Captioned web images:
<<<<

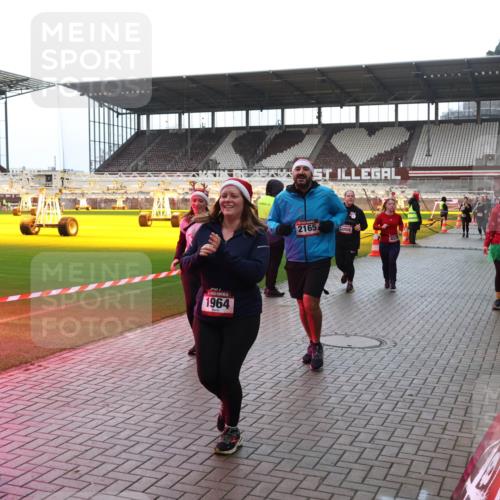 07.12.2025 - St. Pauli X-Mass-Run No. 15 Luisa Fischer http://msf.ph/oto/9383303 07.12.2025 10:52:28 Ziel 84, 1964, 2165, 2737, 27, 275, 328, 499, 506, 654, 931, 1047, 1098, 1964, 1982, 1984, 2103, 2105, 2165, 2287, 2289, 2327, 2332, 2553, 2592, 2593, 2607, 2661, 2836, 2837, 3223, 3228, 4550, 4797, 4862, 4864, 4865, 4866, 4879, 4880 meine-sportfotos.de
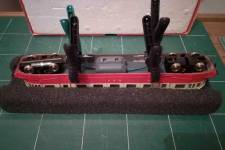 après ajustement en hauteur, pose de cales à l'intérieur de la caisse pour retenir le châssis après ajustement en hauteur, pose de cales à l'intérieur de la caisse pour retenir le châssis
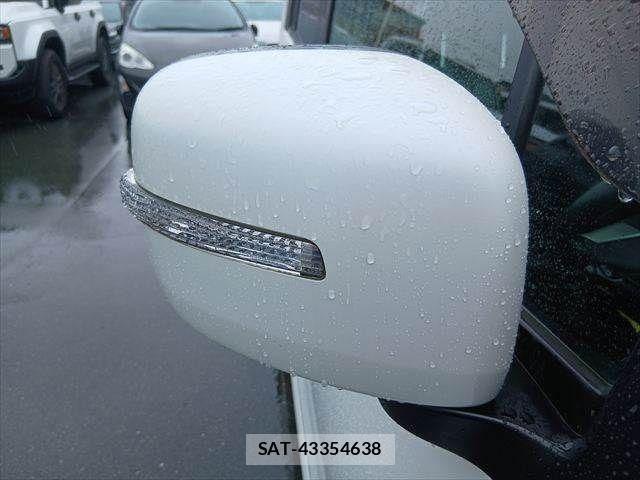 Suzuki WAGON R 2011-11 8851140-24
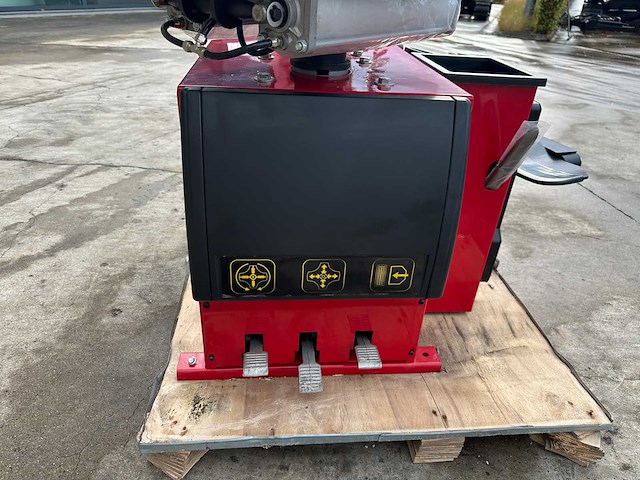 Giyi - 2025 - sk-btj10 - banden de-en montageapparaat - afbeelding 8 van  18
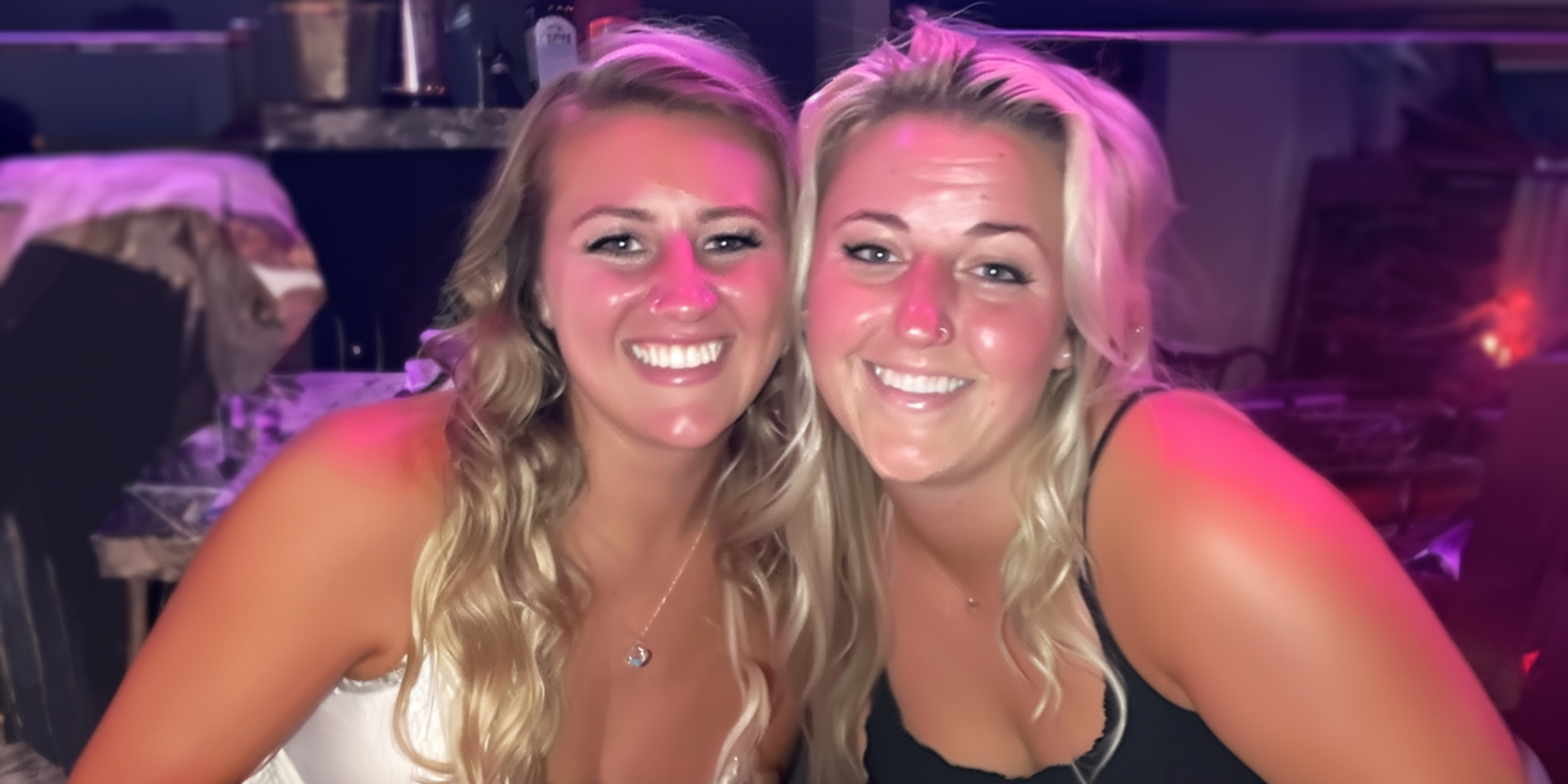 Deux femmes à une fête | Source : Ozdomedia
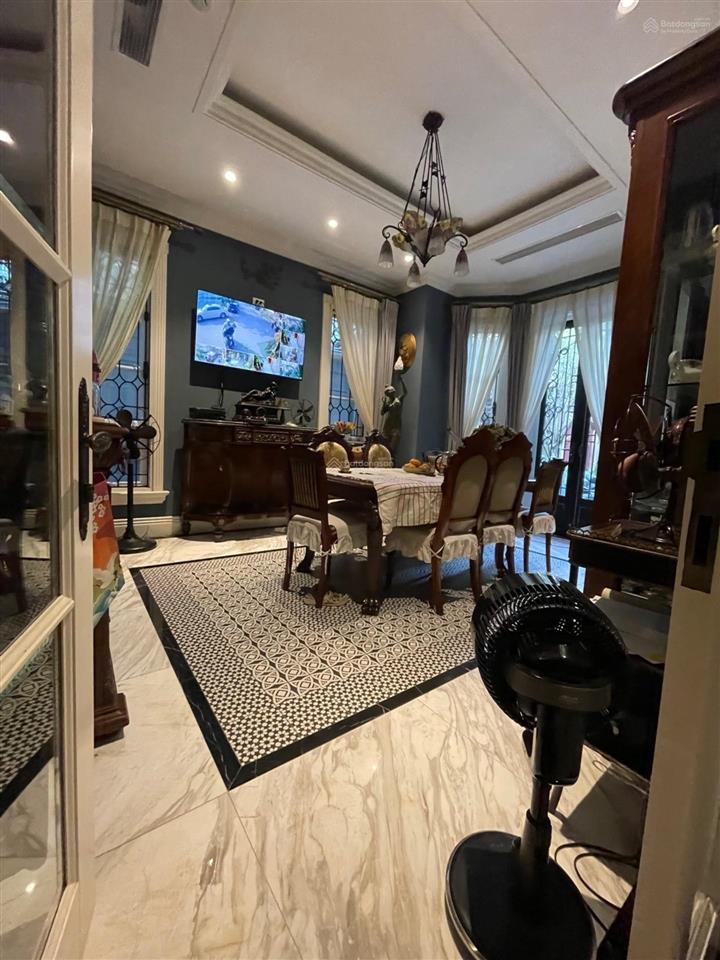 Tây hồ lô góc  255m2 mt 15m  dòng tiền 100tr/tháng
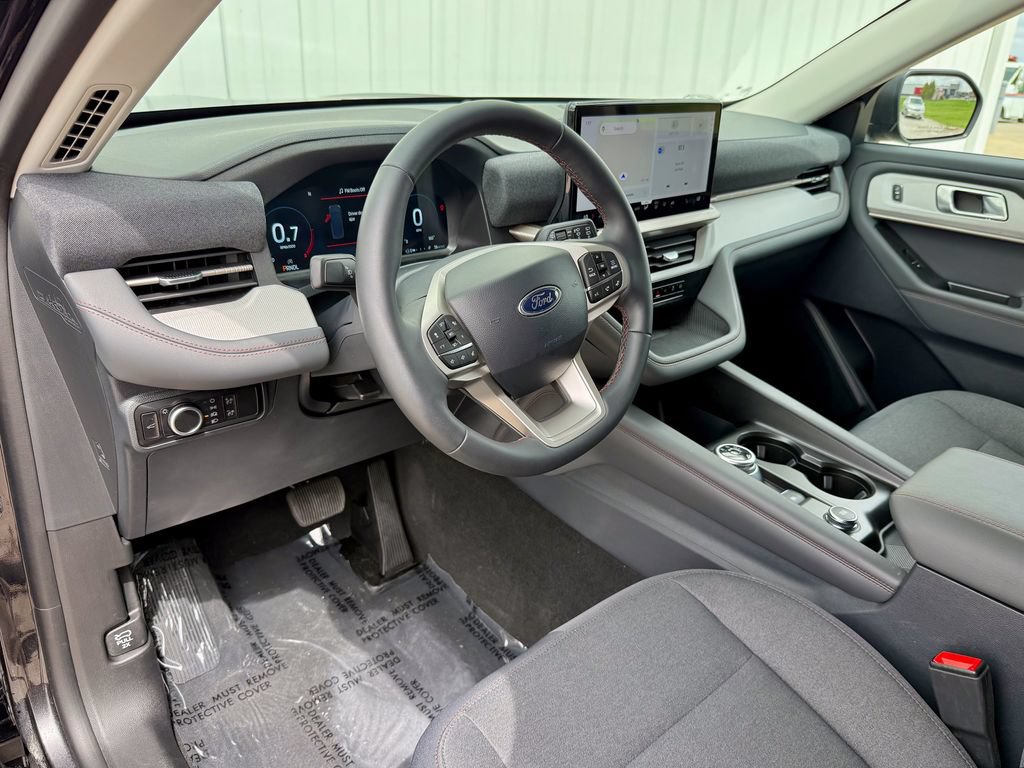 New 2026 Ford Explorer Active AWD/4WD image 10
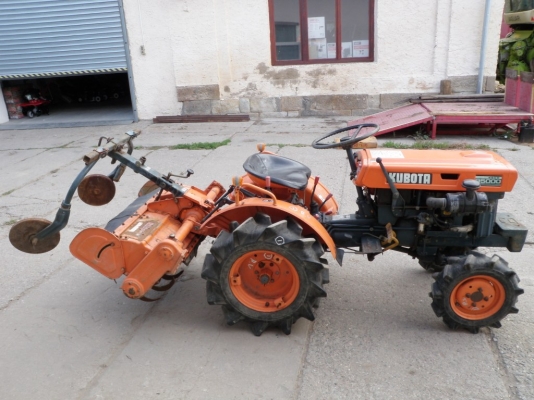 ขาย kubota B6000D    4wd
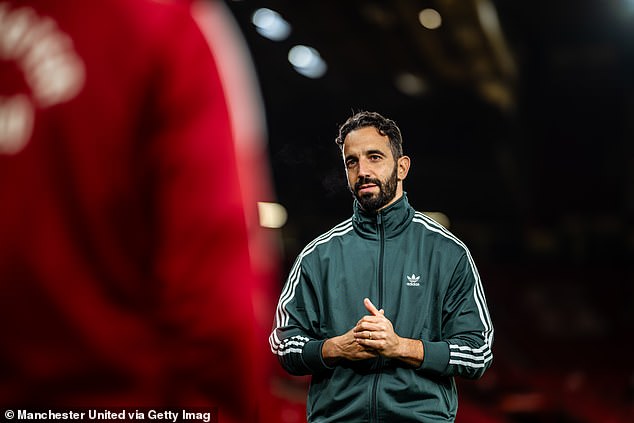 Ruben Amorim discutant avec les fans lors d'une visite à Old Trafford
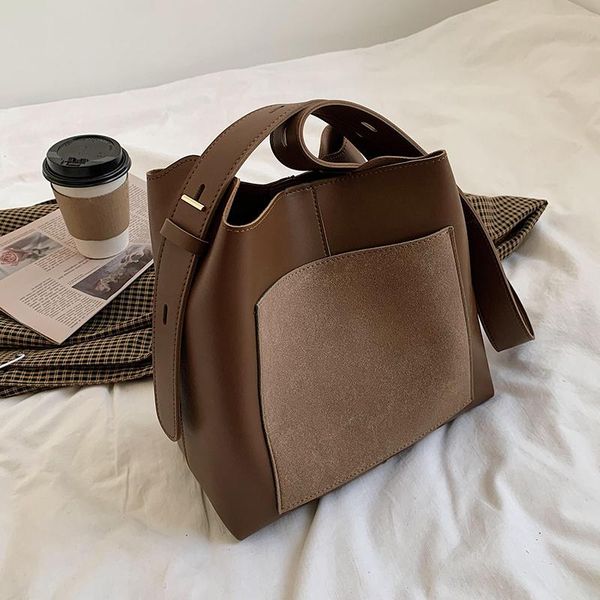 original design high-quality large-capacity handbags 2021 new fashion all-match western-style shoulder bag messenger bucket bag
original design high-quality large-capacity handbags 2021 new fashion all-match western-style shoulder bag messenger bucket bag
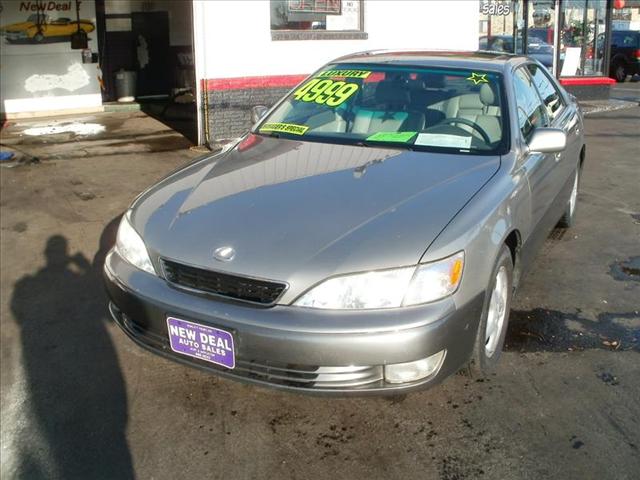 Lexus ES 300 Base Sedan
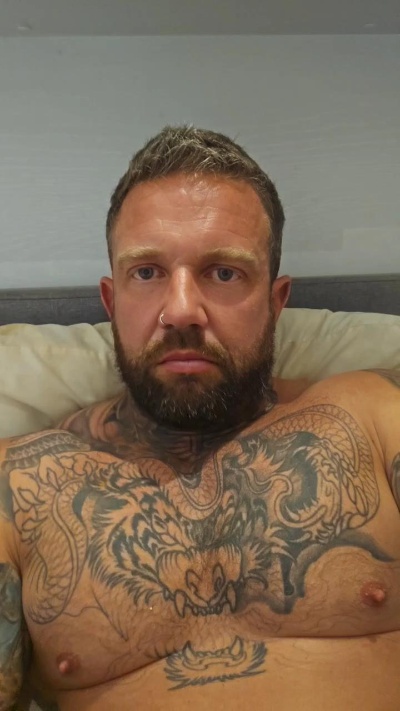 Tattedmuscle1 live from United Kingdom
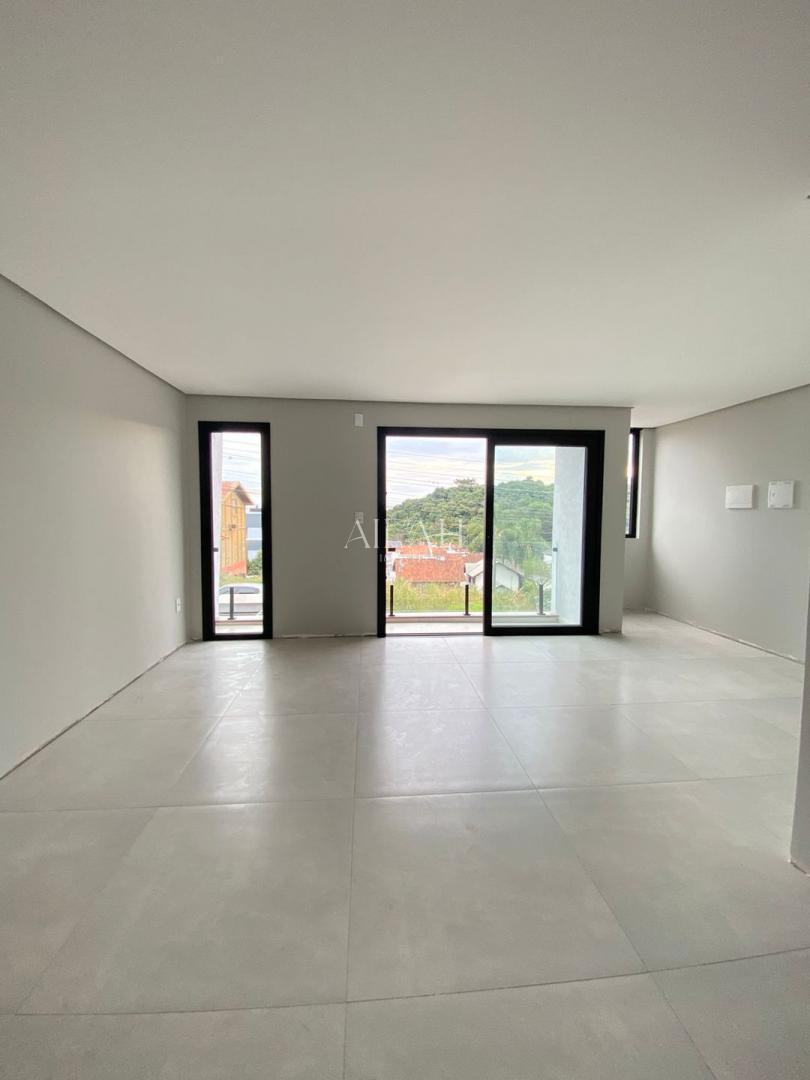 Casa, 3 quartos, 196 m² - Foto 2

>>>>

Could you copy the lines above exactly and skip the images?

#### [Solved problem]
 07.12.2025 - St. Pauli X-Mass-Run No. 15 Luisa Fischer http://msf.ph/oto/9383303 07.12.2025 10:52:28 Ziel 84, 1964, 2165, 2737, 27, 275, 328, 499, 506, 654, 931, 1047, 1098, 1964, 1982, 1984, 2103, 2105, 2165, 2287, 2289, 2327, 2332, 2553, 2592, 2593, 2607, 2661, 2836, 2837, 3223, 3228, 4550, 4797, 4862, 4864, 4865, 4866, 4879, 4880 meine-sportfotos.de
 après ajustement en hauteur, pose de cales à l'intérieur de la caisse pour retenir le châssis après ajustement en hauteur, pose de cales à l'intérieur de la caisse pour retenir le châssis
 Suzuki WAGON R 2011-11 8851140-24
 Giyi - 2025 - sk-btj10 - banden de-en montageapparaat - afbeelding 8 van  18
 Deux femmes à une fête | Source : Ozdomedia
 Tây hồ lô góc  255m2 mt 15m  dòng tiền 100tr/tháng
 New 2026 Ford Explorer Active AWD/4WD image 10
 ขาย kubota B6000D    4wd
 Ruben Amorim discutant avec les fans lors d'une visite à Old Trafford
 original design high-quality large-capacity handbags 2021 new fashion all-match western-style shoulder bag messenger bucket bag
original design high-quality large-capacity handbags 2021 new fashion all-match western-style shoulder bag messenger bucket bag
 Lexus ES 300 Base Sedan
 Tattedmuscle1 live from United Kingdom
 Casa, 3 quartos, 196 m² - Foto 2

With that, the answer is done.